== WHAT IS BEING ASKED ==
Leave the pictures out. Transcribe exactly every line from the start of the records through the one containing "ヴィンテージハロウィーンアンエンドカード シーズンカード (正面)".

--*--

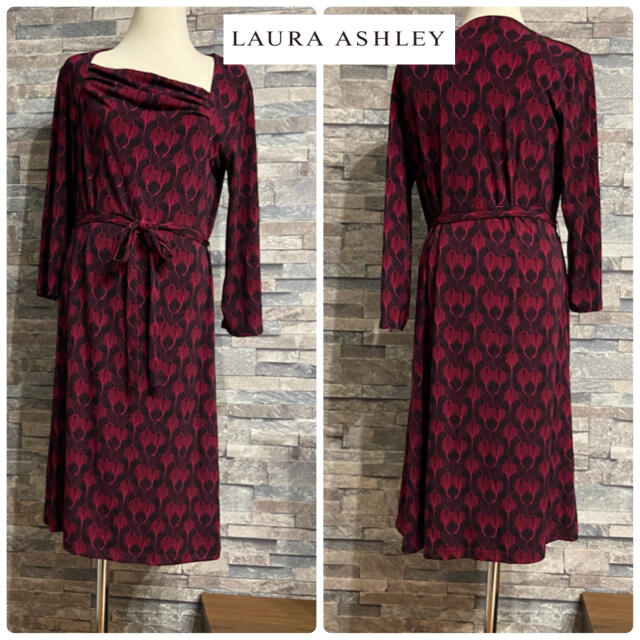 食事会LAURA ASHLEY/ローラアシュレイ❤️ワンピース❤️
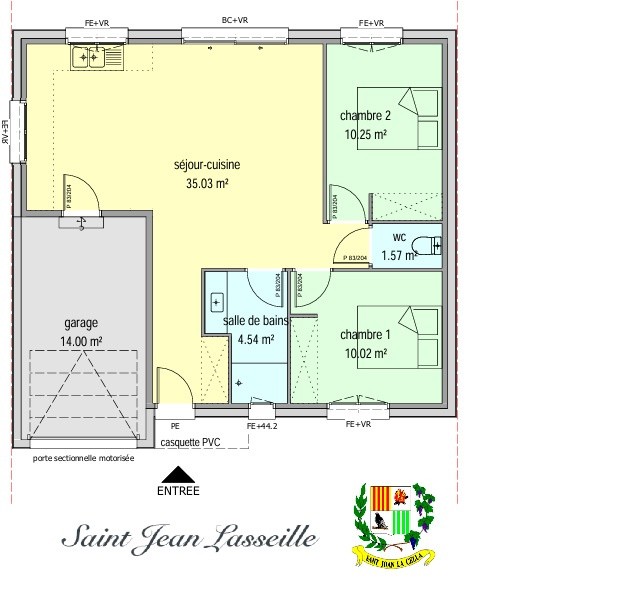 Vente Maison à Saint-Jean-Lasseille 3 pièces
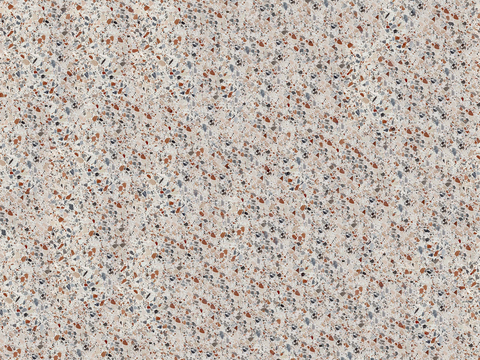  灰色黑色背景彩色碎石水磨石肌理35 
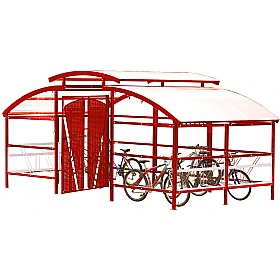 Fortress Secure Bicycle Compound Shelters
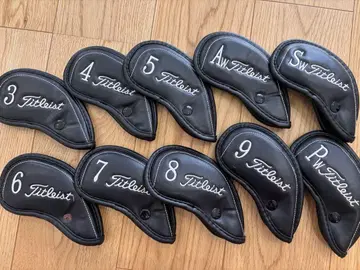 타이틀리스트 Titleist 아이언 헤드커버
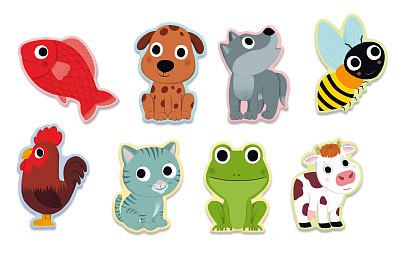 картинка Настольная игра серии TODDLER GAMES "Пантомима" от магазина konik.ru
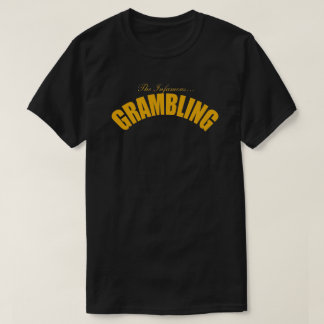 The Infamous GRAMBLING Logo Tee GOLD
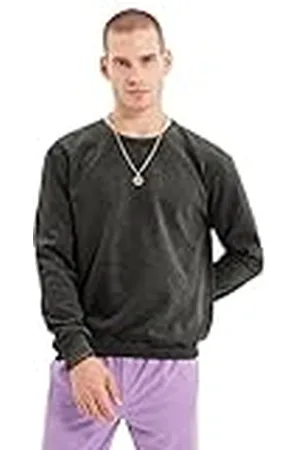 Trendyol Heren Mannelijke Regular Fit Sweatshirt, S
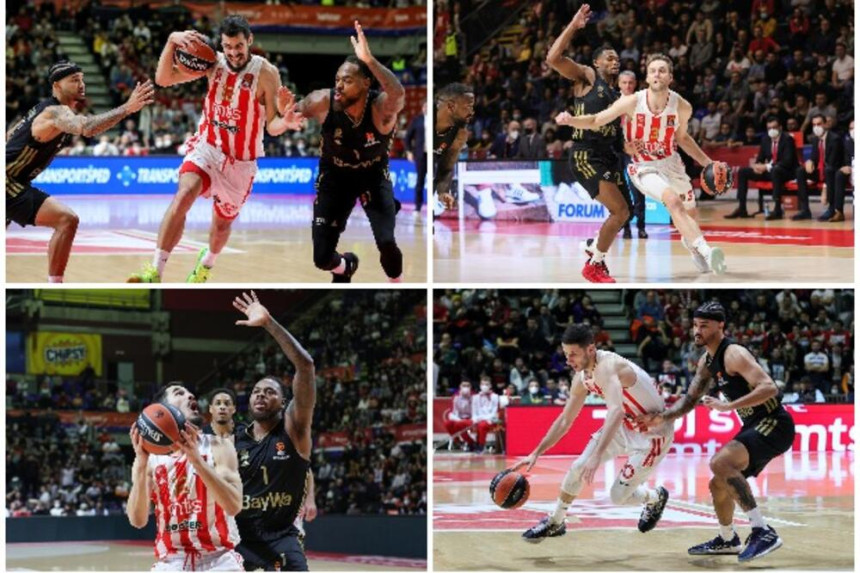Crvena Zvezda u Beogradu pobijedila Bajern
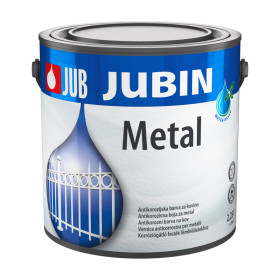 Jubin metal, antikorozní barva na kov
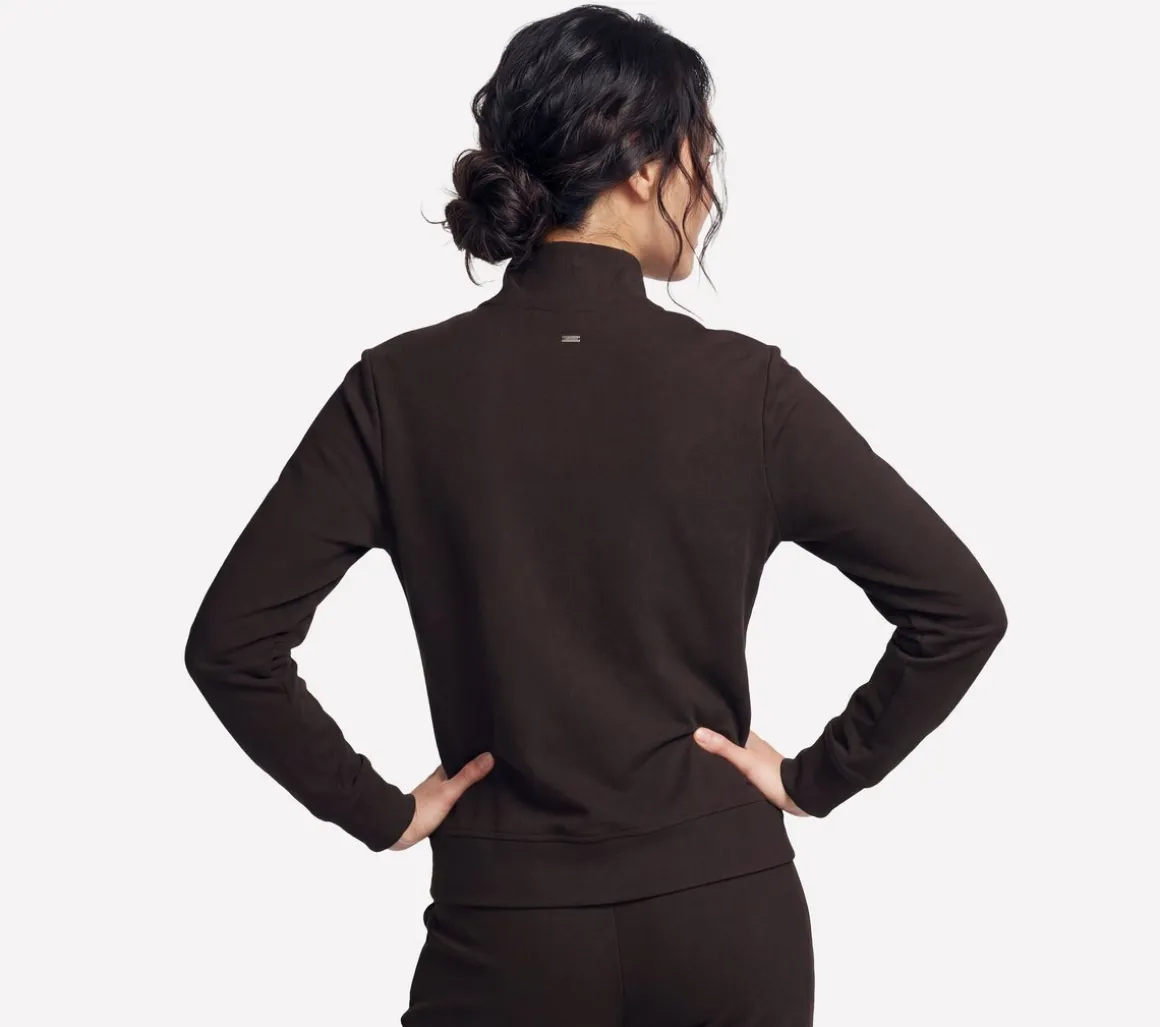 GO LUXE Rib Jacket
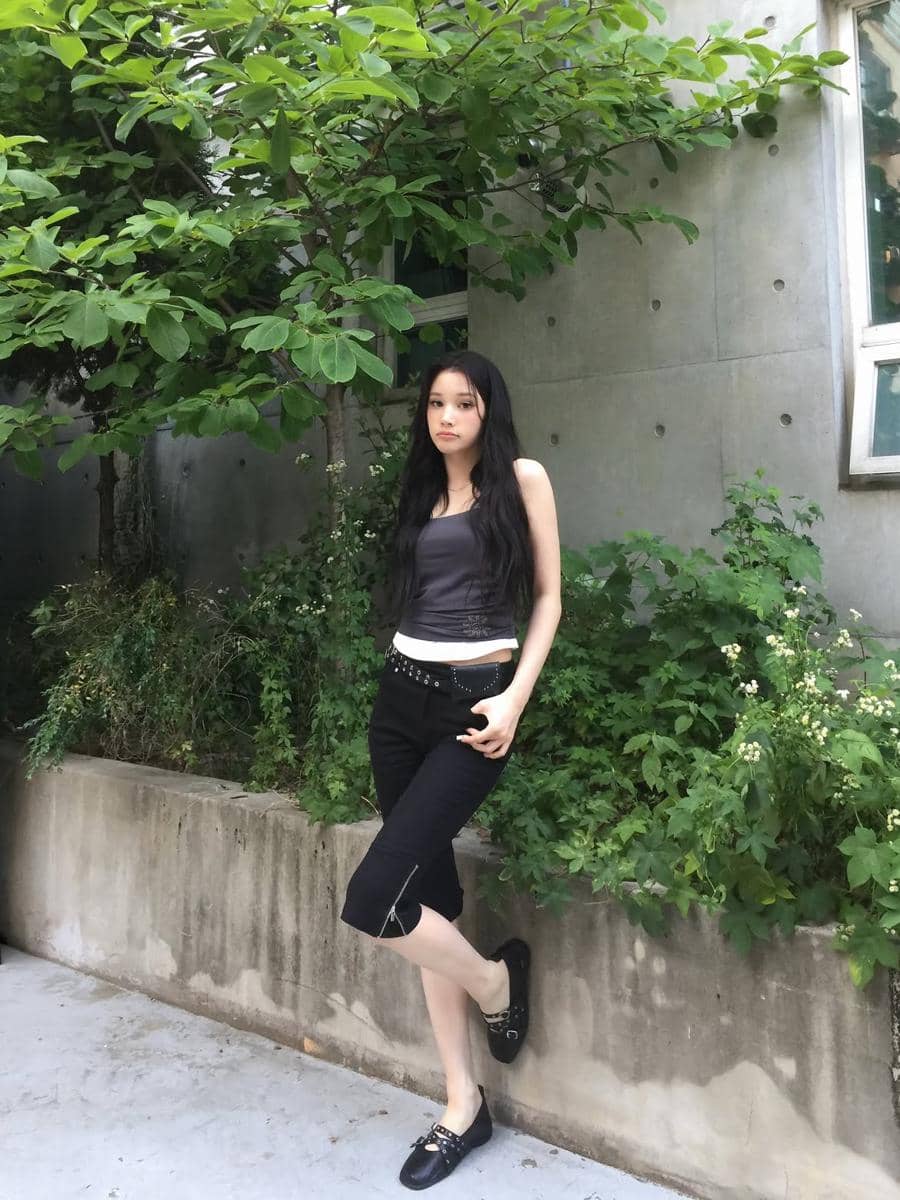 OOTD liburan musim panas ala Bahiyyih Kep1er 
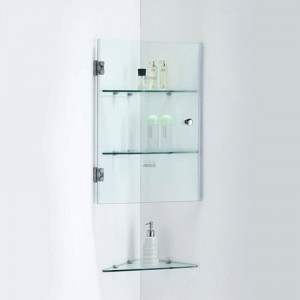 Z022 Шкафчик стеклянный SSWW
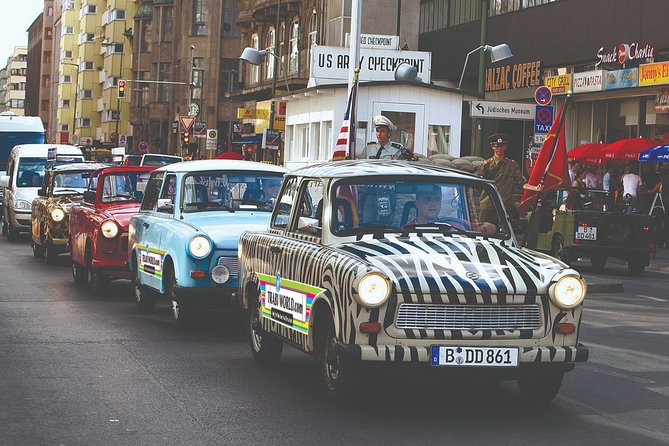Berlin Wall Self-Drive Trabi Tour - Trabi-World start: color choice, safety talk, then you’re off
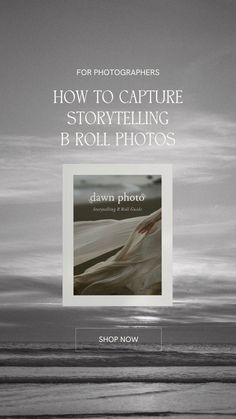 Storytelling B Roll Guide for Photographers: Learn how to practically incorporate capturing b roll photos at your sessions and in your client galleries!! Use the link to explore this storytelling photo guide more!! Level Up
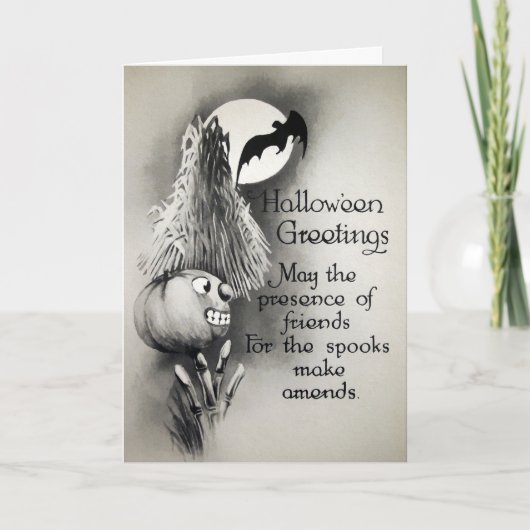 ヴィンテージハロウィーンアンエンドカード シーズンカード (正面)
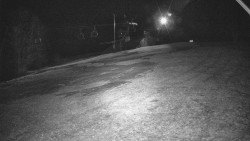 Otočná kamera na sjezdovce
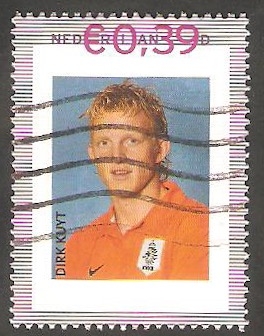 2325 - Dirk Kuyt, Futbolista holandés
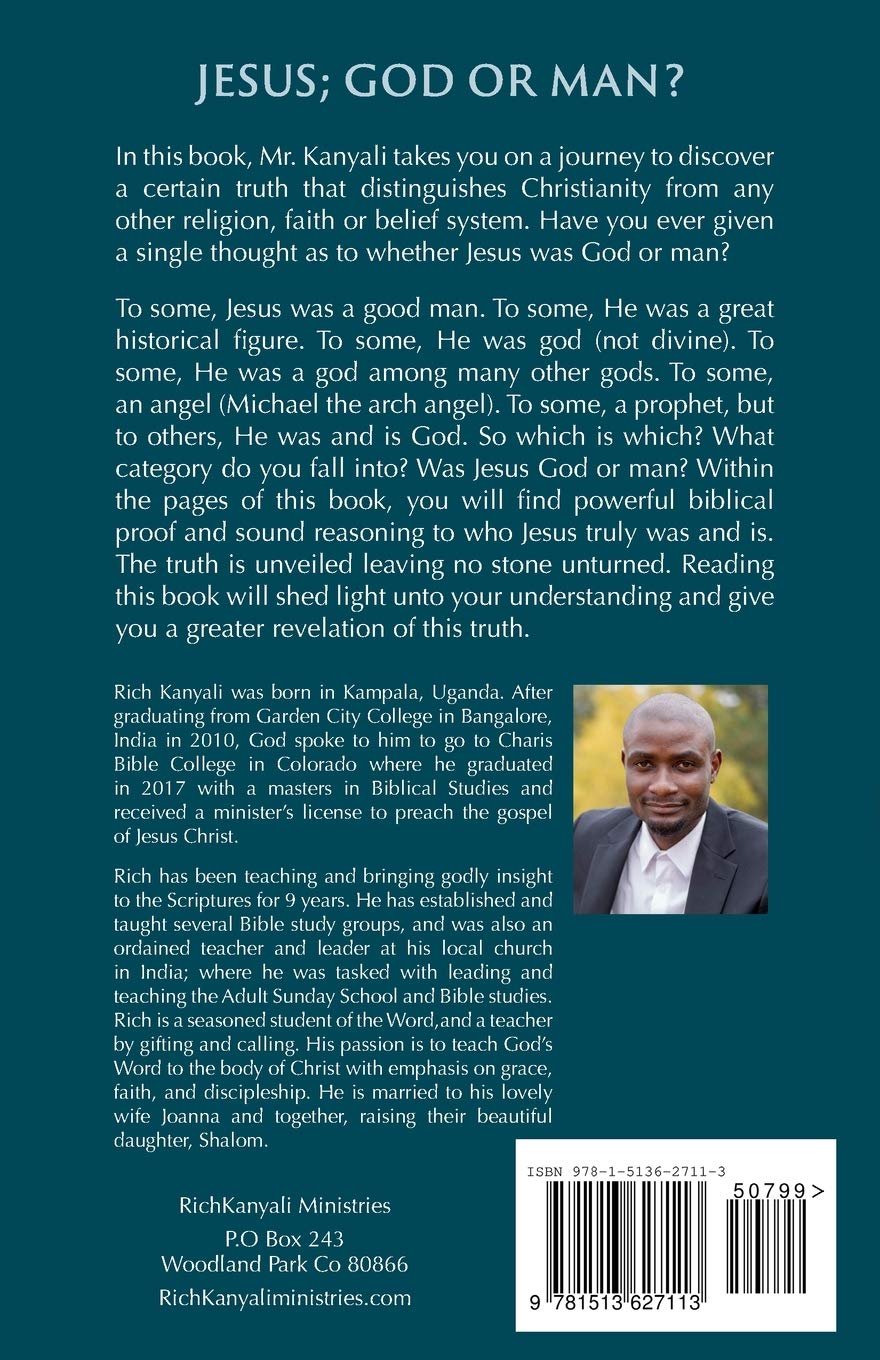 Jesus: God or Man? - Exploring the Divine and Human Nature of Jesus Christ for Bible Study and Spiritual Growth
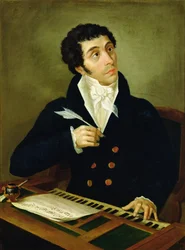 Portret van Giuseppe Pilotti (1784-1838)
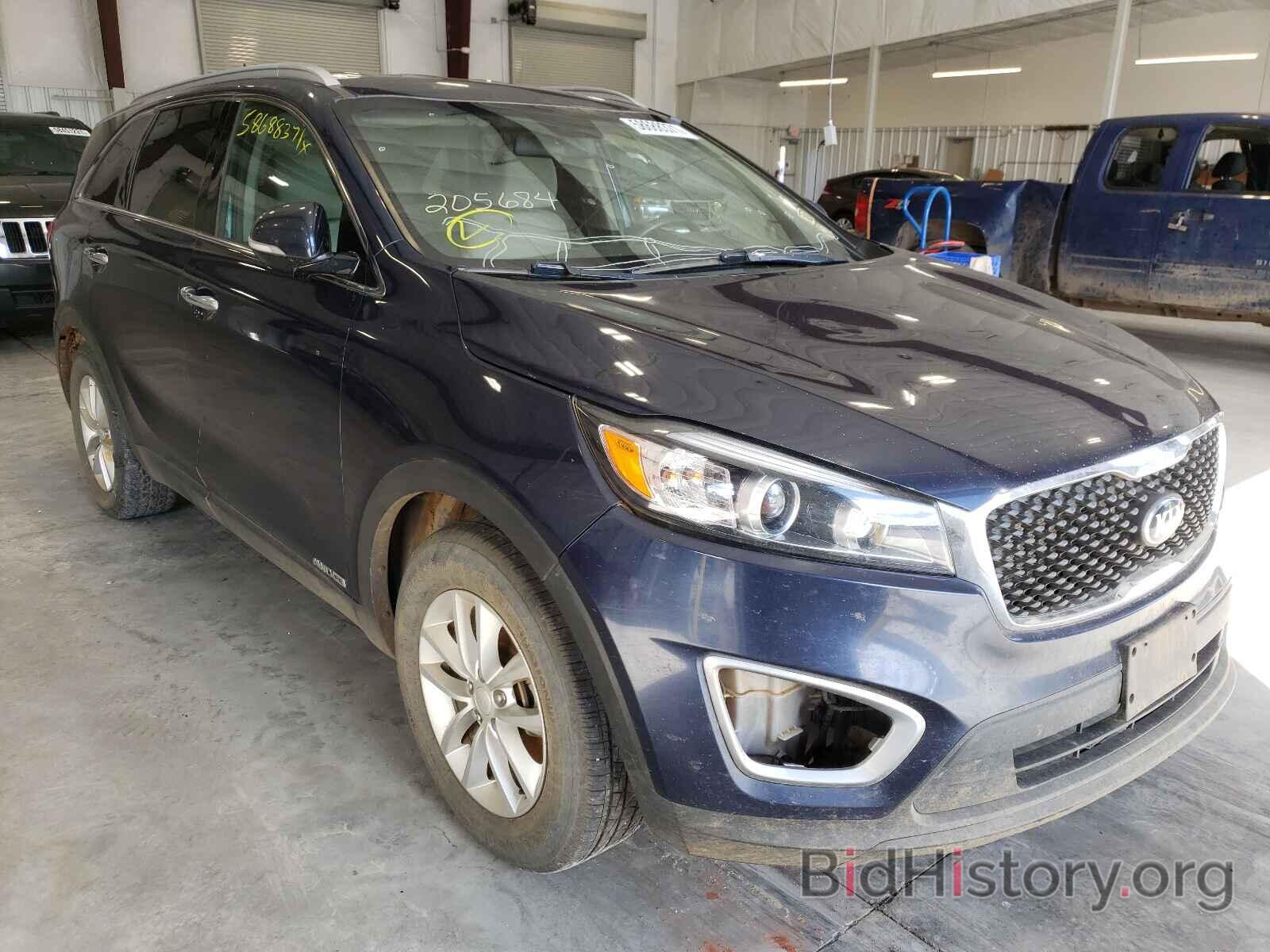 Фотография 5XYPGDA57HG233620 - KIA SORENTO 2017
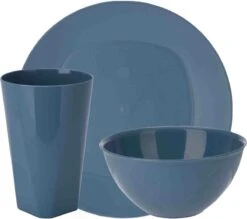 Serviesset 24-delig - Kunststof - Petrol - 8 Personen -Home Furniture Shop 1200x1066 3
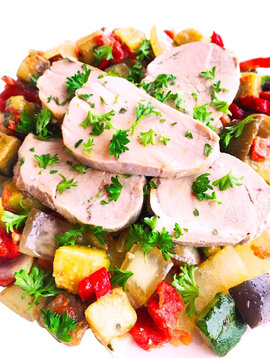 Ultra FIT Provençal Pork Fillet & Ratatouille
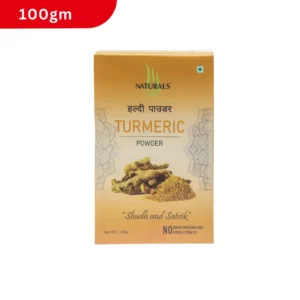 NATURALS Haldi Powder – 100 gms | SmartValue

--*--

== SOLVED PROBLEM ==
 食事会LAURA ASHLEY/ローラアシュレイ❤️ワンピース❤️
 Vente Maison à Saint-Jean-Lasseille 3 pièces
  灰色黑色背景彩色碎石水磨石肌理35 
 Fortress Secure Bicycle Compound Shelters
 타이틀리스트 Titleist 아이언 헤드커버
 картинка Настольная игра серии TODDLER GAMES "Пантомима" от магазина konik.ru
 The Infamous GRAMBLING Logo Tee GOLD
 Trendyol Heren Mannelijke Regular Fit Sweatshirt, S
Crvena Zvezda u Beogradu pobijedila Bajern
 Jubin metal, antikorozní barva na kov
 GO LUXE Rib Jacket
 OOTD liburan musim panas ala Bahiyyih Kep1er 
 Z022 Шкафчик стеклянный SSWW
Berlin Wall Self-Drive Trabi Tour - Trabi-World start: color choice, safety talk, then you’re off
 Storytelling B Roll Guide for Photographers: Learn how to practically incorporate capturing b roll photos at your sessions and in your client galleries!! Use the link to explore this storytelling photo guide more!! Level Up
 ヴィンテージハロウィーンアンエンドカード シーズンカード (正面)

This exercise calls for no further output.